My wife finished stitching together the back-of-seat car organizers just in time for the coming weeks of road trips. The trips are looking a bit more manageable now. One will be an eight to nine hour car ride, another four hours and another just three. Hopefully having an organizational tool like these will make the hours of mind numbing Wyoming landscape go by a little easier and the traffic jams heading to southern Colorado will only crush our spirit, not our ability to quickly access a replacement pacifier when the baby inevitably drops one.
Above is the super awesome comic book cover organizer, below the Tardis Van Gogh pattern. Both awesome and I am very proud of my wife for completing the project both quickly and to high quality. When I do a project, it is one or the other. Never both.

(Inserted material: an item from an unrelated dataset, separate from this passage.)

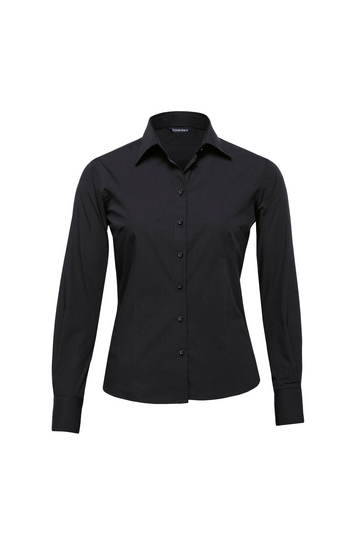 Ladies Republic Blouse LSL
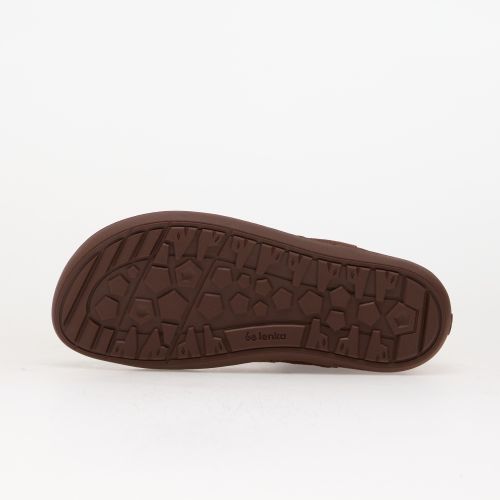 Scarpe Entice 3.0 38 - Be Lenka - Modalova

In the practical use of the organizers (for the older kid anyway) we have needed to adopt some new rules in the car. Namely, no more shoes. Children’s shoes seem to always be covered in mud or have some sort of pebbles or thorns stuck in them. I do not know where any of this comes from. Some things have no explanation.
In enforcement of these rules on a trip to the in-laws place this weekend, my wife turned back to my oldest son and said, “Hey remember the rule. You don’t want to slime your bag, bug.”
I laughed the rest of the trip and have brought the phrase into conversation many times this weekend.
“You’ll slime your bag, bug” makes no damn sense. There is not one pairing of words that makes the phrase make sense in English. To the passing listener, my wife’s words may as well have been the ramblings of someone experiencing a stroke. The oldest kid instantly kicked his shoes off and said “ok mom”.
Why? Why in the world does the kid understand these words? Because parent slang exists. Sometimes my wife and I will use words that do not exactly compute in the kid’s head so we have to change the phrase to something more within his realm of experience. Slime is messy, messes are dirty. Bag is easier to understand that “back-of-seat organizer.” And bug is nickname (I used to switch between saying ‘big guy’ and ‘buddy’ mid sentence, so he became buggy then bug. Soon, our laziness will result in him simply being ug and then uuuuu. Then he’ll be a teenager and it’ll be uuuuuggggghhhhh. The future is going to be awesome).
The phrase meant “You will make a mess on your new organizer, First Born son, do not continue on your current path.” But it smelled of Point Break surfer terms and it was hilarious.
Do you have any phrases that only make sense to your kids?